E poi non ti resterà che mandargli una sequenza di mail accattivanti che pian piano lo convinceranno ad aprire il portafoglio.

1. Pianifica il tempo

Come per ogni strategia aziendale anche nel follow up bisogna pianificare con cura altrimenti si andrà alla cieca e si butteranno via tempo ed energia.

Come dicevo prima se sei un venditore devi assolutamente dedicare il tuo tempo a proseguire la tua comunicazione con i prospect.

Con l’esperienza potrai capire che anche solo dedicando 30 minuti o 1 ora della tua giornata per un follow up tramite email potrai fare molto per costruirti il tuo futuro professionale.

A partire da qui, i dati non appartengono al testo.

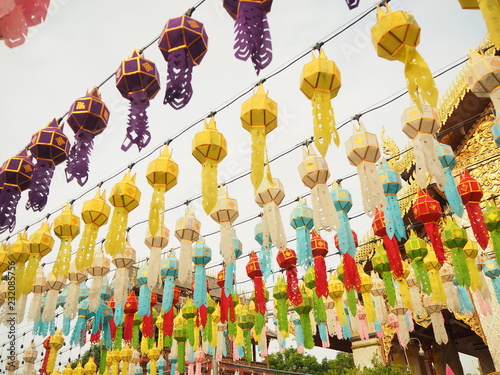 Quadro su tela Decorative lamp tradition Yi Peng City, Lamphun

2. Scegli cosa vuoi comunicare

Mi raccomando, rifletti bene su cosa vuoi comunicare ai tuoi possibili clienti. Il mio consiglio è di aprire il tuo cuore: 

  • racconta storie simpatiche sulla tua azienda
  • mettiti nei loro panni raccontando cose che sono successe anche a te
  • evidenzia la sintonia con cui lavorate ogni giorno
  • spiega quanto il tuo prodotto o servizio può migliorare la vita delle persone
  • precisa quanto tieni alla felicità dei tuoi clienti

…entra in sintonia con i possibili clienti sul lato umano prima che su quello commerciale.

Se vuoi avere qualche consiglio su come scrivere una newsletter di successo ti rimando a questo articolo:

Come creare una newsletter efficace

Email marketing software

Stai tranquillo, non dovrai poi diventare matto a inviare manualmente ogni singola email ad ogni persona.

Esistono infatti degli strumenti per l’email marketing che possono gestire il tuo follow up tramite le mail.

Io intanto te ne dico un paio molto efficaci:

MailChimp

Si tratta di un software di raccolta e di gestione delle mail. Puoi decidere ogni quanti giorni inviare una nuova mail ad uno dei tuoi prospect e puoi anche impostare la grafica, inserire i contatti…e poi non dovrai fare nient’altro.

AWeber

Si tratta di è un servizio con cui puoi gestire la tua lista di contatti (mailing list) in maniera comoda. Dopo che sono stati creati i messaggi, questo programma automatizza tutto il processo di follow up che quindi diventa semplice e veloce.

2. Follow up post evento

persone ad evento fronte lago

Come sai una azienda può fare ricorso ad eventi particolari per incontrare dei possibili clienti futuri, un esempio è l’Open day aziendale.

Si tratta di un evento in cui una azienda apre le sue porte ad un pubblico mostrando che cosa si fa, come lo si fa e si offrono prove gratuite agli invitati.

Se vuoi parlarne in maniera approfondita, scopri tutto sugli

Open Day: cosa sono e come organizzarli
Quando finirà il tuo evento inizierà il bello per il tuo business!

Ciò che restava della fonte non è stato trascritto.